Grain boundary energies and cohesive strength as a function of geometry

TL;DR

This paper investigates how grain boundary energies and cohesive laws vary with geometry, revealing discontinuities at rational repeat distances, and introduces a dislocation-based model to describe these phenomena.

Contribution

It demonstrates that cohesive laws are discontinuous functions of grain boundary geometry and develops a dislocation decoration model to describe energy cusps and fracture toughness.

Findings

Cohesive laws are discontinuous at rational grain boundary repeat distances.

A dislocation decoration model captures energy cusps at high symmetry boundaries.

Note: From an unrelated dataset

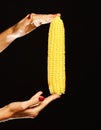 Corn cob in girls fingers. Female hand holds corn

Asymptotic fracture toughness near discontinuities is characterized.

Abstract

Cohesive laws are stress-strain curves used in finite element calculations to describe the debonding of interfaces such as grain boundaries. It would be convenient to describe grain boundary cohesive laws as a function of the parameters needed to describe the grain boundary geometry; two parameters in 2D and 5 parameters in 3D. However, we find that the cohesive law is not a smooth function of these parameters. In fact, it is discontinuous at geometries for which the two grains have repeat distances that are rational with respect to one another. Using atomistic simulations, we extract grain boundary energies and cohesive laws of grain boundary fracture in 2D with a Lennard-Jones potential for all possible geometries which can be simulated within periodic boundary conditions with a maximum box size. We introduce a model where grain boundaries are represented as high symmetry boundaries decorated by extra dislocations. Using it, we develop a functional form for the symmetric grain boundary energies, which have cusps at all high symmetry angles. We also find the asymptotic form of the fracture toughness near the discontinuities at high symmetry grain boundaries using our dislocation decoration model.